Computers were just tons of fun. It was a natural fit - I took to programming ravenously, writing whatever I could think of writing, learning all I could along the way. When I started writing in C and found out how to make code libraries, I started building lots of reusable code. Libraries meant I never had to write the same thing twice, which had tremendous appeal to me. Of course sometimes I still copied my existing code and tweaked it a little to get slightly different functionality, but that was all part of programming in C.

Getting DRY

As I got older and wiser, I tried to more actively resist the calling of the quick tweak. Once I went commercial and I had to maintain reams of code, the special pain of trying to make sure all the duplicate-based tweaked code was updated with a change grew to be barely tolerable. So much time was wasted. Then I finally got a little DRY religion.

If you’re Ruby-savvy, you already know that DRY means Don’t Repeat Yourself:

No piece of information, be it a database or a program’s source code, should ever be duplicated. In a DRY environment, you will only have to change things once, as opposed to a non-DRY (WET) environment, where you have to do multiple changes in synchrony. - Wikipedia

This is Very Important Stuff to make part of your thinking. It can give you back months and years of productivity over your lifetime. And as I get older and look ahead at all the code I still want to write, I know DRY is right for me.

A Little Ruby Thrown In

Part of being productive when making new things is about making old things better. Programming is a wonderful environment for such things, since it is so easy to change code. You try something, start using it, think of ways it could be better, and repeat. And if you’re a good critic of your work, things really do get better.

In an earlier paper, I touched on a simple extention to Ruby that I found to do enumerations. A nice tight peice of code that did some very simple metaprogramming. It took a string of names, pulled each name into an assignment and evaluated it, adding a constant to the Ruby class:

# enum.rb (original)

class Object
  def self.enum(*args)    
    args.flatten.each_with_index do |const,i|
      class_eval %(#{const} = #{i})
    end
  end

  def self.bitwise_enum(*args)    
    args.flatten.each_with_index do |const,i|
      class_eval %(#{const} = #{2**i})
    end
  end
end

As part of Object, I could now do an enum in any class and have a set of unique constants to use.

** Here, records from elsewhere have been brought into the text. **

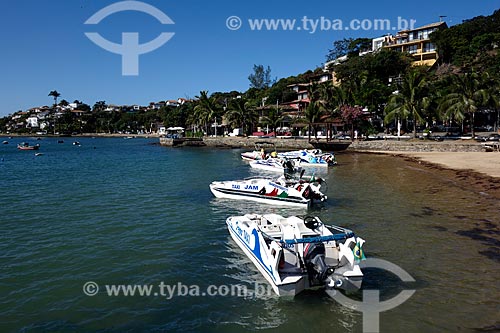  Subject: Water Taxis in Armacao Beach with Orla Bardot in the background / Place: Armacao dos Buzios city - Rio de Janeiro state (RJ) - Brazil / Date: 05/2013 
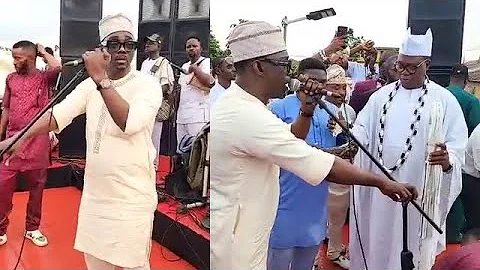 Oganla Alabi Pasuma sing praise iba Gani Adam's Aare Ona kankanfo Yoruba live Show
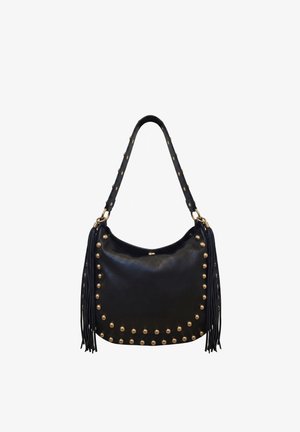Sac à bandoulière en cuir noir avec des clous ronds dorés soulignant le devant et la sangle, doté de glands latéraux et d’accessoires métalliques dorés.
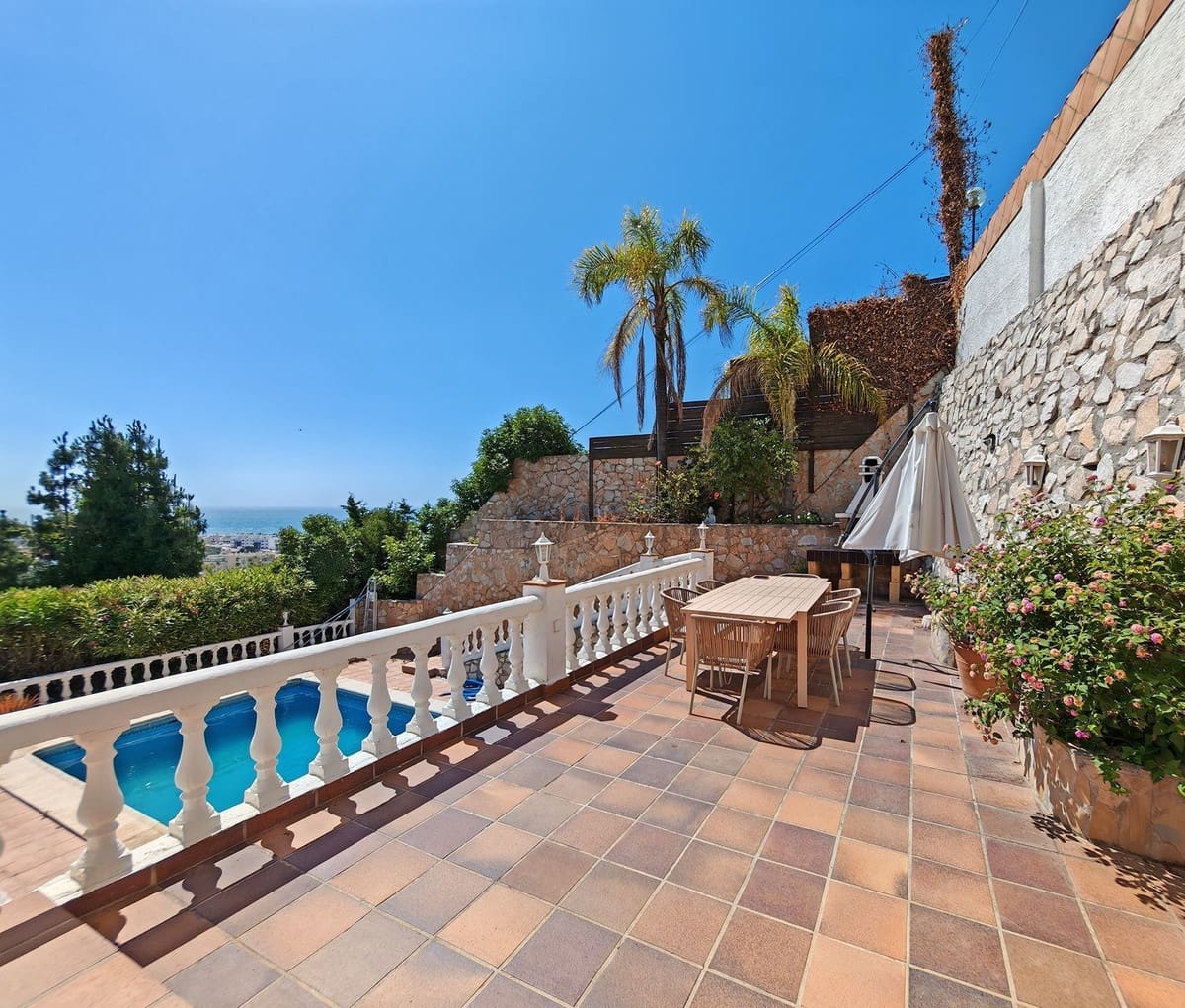 4 quarto Moradia para venda em El Chaparral com piscina garagem - 996 000 € (Ref: 10017528)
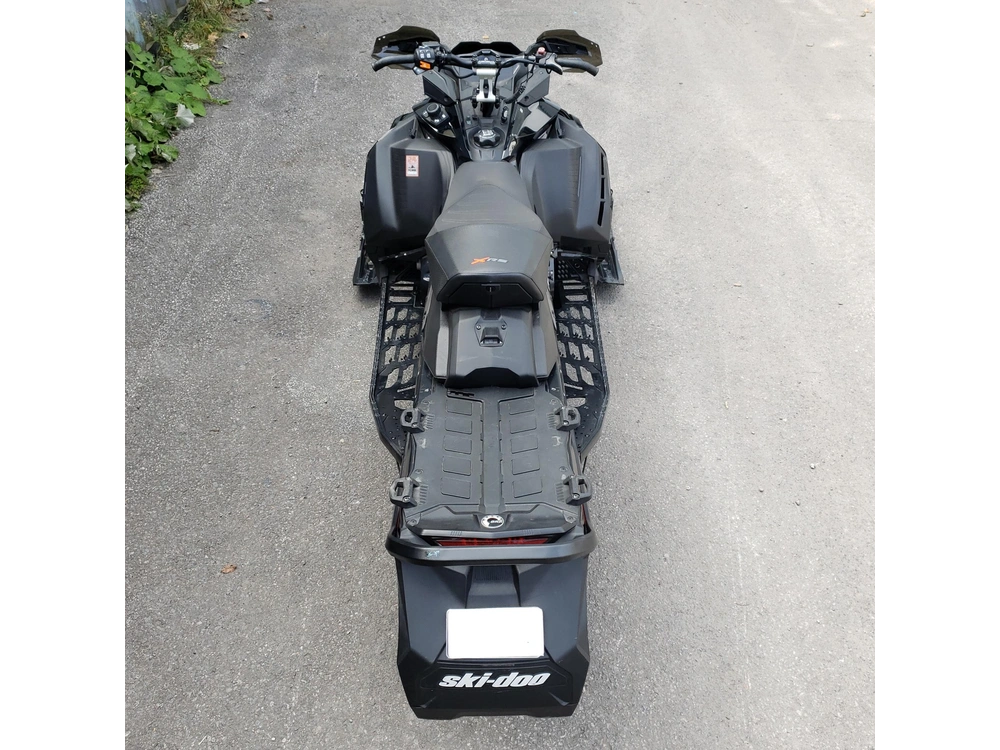 Ski-doo Renegade X-rs 900 Ace Turbo R Ice Ripper Xt 1.25 E.s. W/ 7.8 Lcd Display 2023 alt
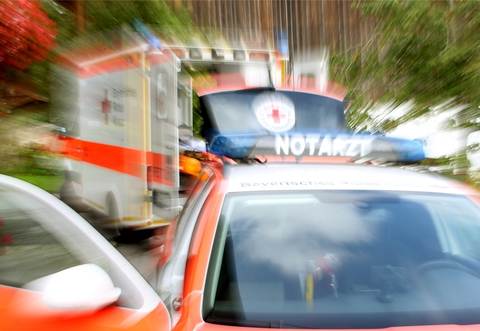 Bei Arbeiten an einer Maschine in einer Firma in Schömberg zog sich ein Mann schwere Verletzungen an einem Finger zu.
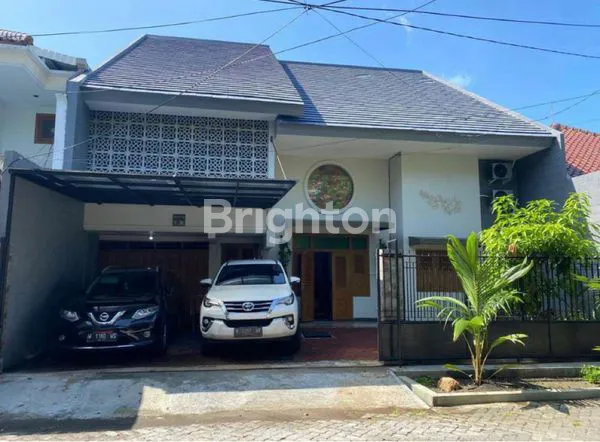 image RUMAH SERASA VILLA PLUS KOLAM RENANG DITENGAH KOTA SURABAYA SEKITAR KENJERAN KALIJUDAN, FULL FURNISHED (1)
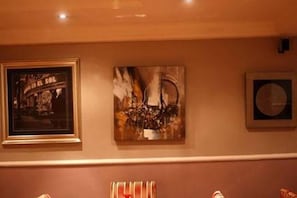 Room - House J Hotel and Resorts (Lagos)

For those curious about the concept of Metaprogramming, what it’s about is code that writes code. If you’re using statically-compiled languages, you may not have come across the term much. But you virtually do it all the time (in a sense) in all but the simplest programs, just not as explicitly as in a dynamic language such as Ruby. When the arguments you enter into a program affect how the program will choose between different processing paths, you’re effectively using the most rudimentary form of metaprogramming. True, you’re not extending the language, but it takes a lot more mechanism to do that. In Java for instance, if you’re really intrepid you can create a program that creates code that is executed by an interpreter built into the program. It’s not easy, and can be a bear to get right, but it can be done. In Ruby however, it seems to almost be an expectation.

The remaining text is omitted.